I made it easy and made a distinction of cases in the function:

rigidode <- function(times, y, parms) {
  with(as.list(c(parms,y)), {

    if(times > 1.1 & times < 3.1){      
      mueDP <- 2.6
      mueHD <- 1.7 
      mueTX <- 3.3  
      tau12 <- 2.7 
      tau13 <- 1.3
      tau21 <- 1.8 
      tau23 <- 2.1  
      tau31 <- 3.6 
      tau32 <- 1.4      
    }

    if(times > 3.1){      
      mueDP <- 1.1
      mueHD <- 1.3 
      mueTX <- 1.3  
      tau12 <- 0.7 
      tau13 <- 2.3
      tau21 <- 2.8 
      tau23 <- 1.1  
      tau31 <- 1.6 
      tau32 <- 0.4      
    }

    #un-comment the line below, if you want to see, if this works as expected
    # print(c(times, mueDP, mueHD, mueTX, tau12, tau13, tau21,tau23,tau31, tau23))

    dert.comp_dp <- -(tau12)*comp_dp+(tau21)*comp_hd-(tau13)*comp_dp+(tau31)*comp_tx-(mueDP)*comp_dp
    dert.comp_hd <- -(tau21)*comp_hd+(tau12)*comp_dp-(tau23)*comp_hd+(tau32)*comp_tx-(mueHD)*comp_hd
    dert.comp_tx <- -(tau31)*comp_tx+(tau13)*comp_dp-(tau32)*comp_tx+(tau23)*comp_hd-(mueTX)*comp_tx
    dert.comp_dc <- (mueDP)*comp_dp+(mueHD)*comp_hd+(mueTX)*comp_tx

    return(list(c(dert.comp_dp, dert.comp_hd, dert.comp_tx, dert.comp_dc)))
  })
}

The rest of the code is standard, just note, that the parms have the values of the times = 0.

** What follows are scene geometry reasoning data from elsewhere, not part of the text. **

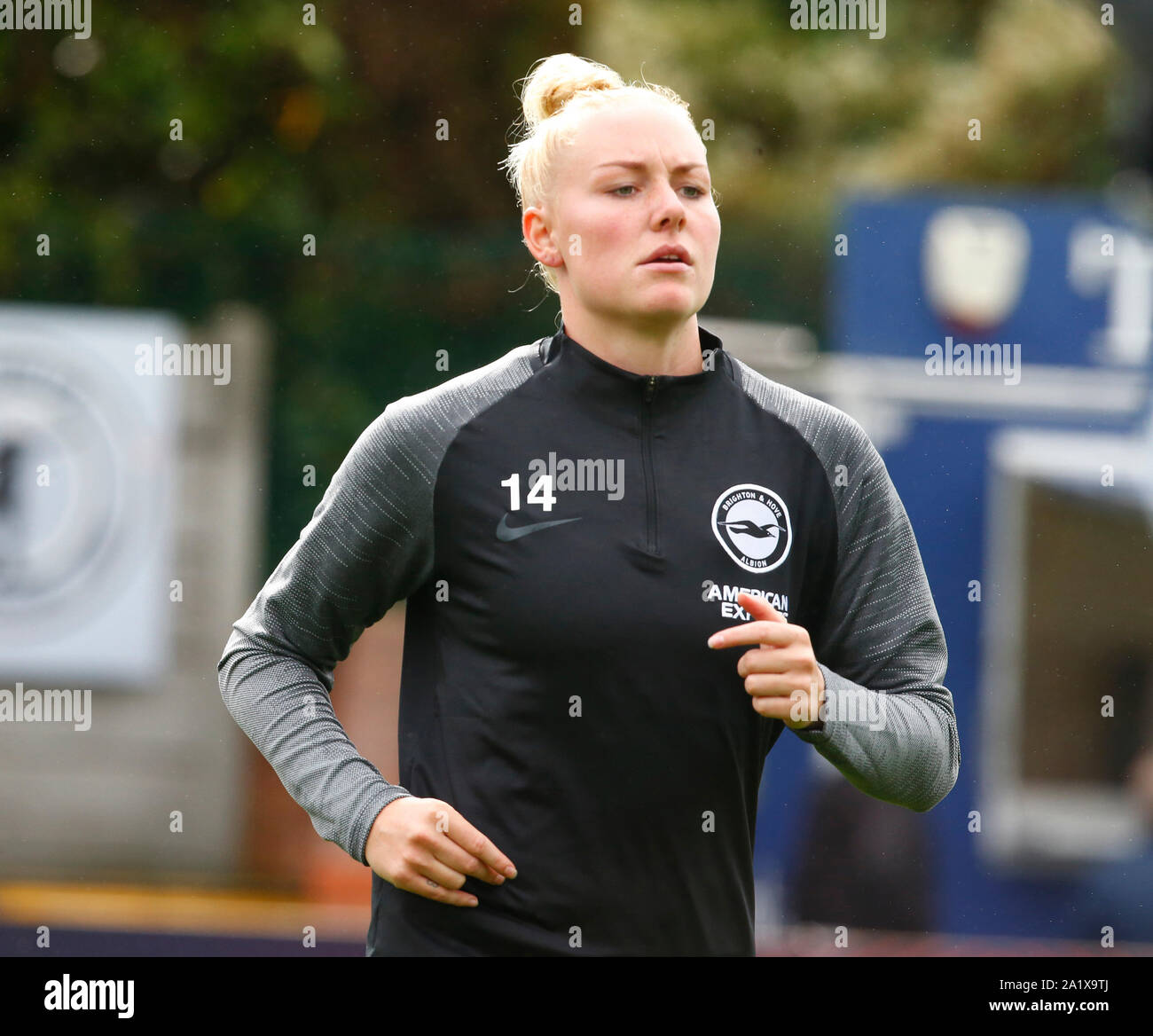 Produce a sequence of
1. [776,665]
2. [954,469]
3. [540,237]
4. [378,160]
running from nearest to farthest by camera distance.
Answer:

times <- seq(from = 0, to = 5, by = 0.1)

yini <- c(comp_dp = 30, comp_hd = 60, comp_tx = 10, comp_dc = 0)
parms <- c(mueDP = 3.1, mueHD = 2.6, mueTX = 1.9,  tau12 = 5.5, tau13 = 3.5,
       tau21 = 4.0, tau23 = 2.1,  tau31 = 3.9, tau32 = 5.1)

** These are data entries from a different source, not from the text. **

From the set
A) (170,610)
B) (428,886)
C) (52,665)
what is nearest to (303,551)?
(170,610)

out_lsoda <- lsoda (times = times, y = yini, func = rigidode, parms = parms, rtol = 1e-9, atol = 1e-9)
out_lsoda

So in the end, I come to this solution. Please check if all the values I wrote are right, I just made your code work!

Answer 2

@Mily comment: Yes, it is possible with t1 , here the solution:

Define t1 (Intervall is not needed in my point of view).

t1 <- data.frame(times=seq(from=0, to=5, by=0.1))
t1$mueDP=c(rep(3.1,10),rep(2.6,20),rep(1.1,21))
t1$mueHD=c(rep(2.6,10),rep(1.7,20),rep(1.3,21))
t1$mueTX=c(rep(1.9,10),rep(3.3,20),rep(1.3,21))
t1$tau12=c(rep(5.5,10),rep(2.7,20),rep(0.7,21))
t1$tau13=c(rep(3.5,10),rep(1.3,20),rep(2.3,21))
t1$tau21=c(rep(4,10),rep(1.8,20),rep(2.8,21))
t1$tau23=c(rep(2.1,10),rep(2.1,20),rep(1.1,21))
t1$tau31=c(rep(3.9,10),rep(3.6,20),rep(1.6,21))
t1$tau32=c(rep(5.1,10),rep(1.4,20),rep(0.4,21))

Define the ODE function:

rigidode <- function(times, y, parms,t1) {

  ## find out in which line of t1 `times` is
  id <- min(which(times < t1$times))-1
  parms <- t1[id,-1]

  with(as.list(c(parms,y)), {

    dert.comp_dp <- -(tau12)*comp_dp+(tau21)*comp_hd-(tau13)*comp_dp+(tau31)*comp_tx-(mueDP)*comp_dp
    dert.comp_hd <- -(tau21)*comp_hd+(tau12)*comp_dp-(tau23)*comp_hd+(tau32)*comp_tx-(mueHD)*comp_hd
    dert.comp_tx <- -(tau31)*comp_tx+(tau13)*comp_dp-(tau32)*comp_tx+(tau23)*comp_hd-(mueTX)*comp_tx
    dert.comp_dc <- (mueDP)*comp_dp+(mueHD)*comp_hd+(mueTX)*comp_tx

    return(list(c(dert.comp_dp, dert.comp_hd, dert.comp_tx, dert.comp_dc)))
  })
}


times <- seq(from = 0, to = 5, by = 0.1)


yini <- c(comp_dp = 30, comp_hd = 60, comp_tx = 10, comp_dc = 0)

parms <- t1[1,-1]

out_lsoda <- lsoda(times = times, y = yini, func = rigidode, parms = parms, rtol = 1e-9, atol = 1e-9, t1 = t1)
out_lsoda

Note that in the function call lsoda the argument t1 = t1 is committed to the ODE function.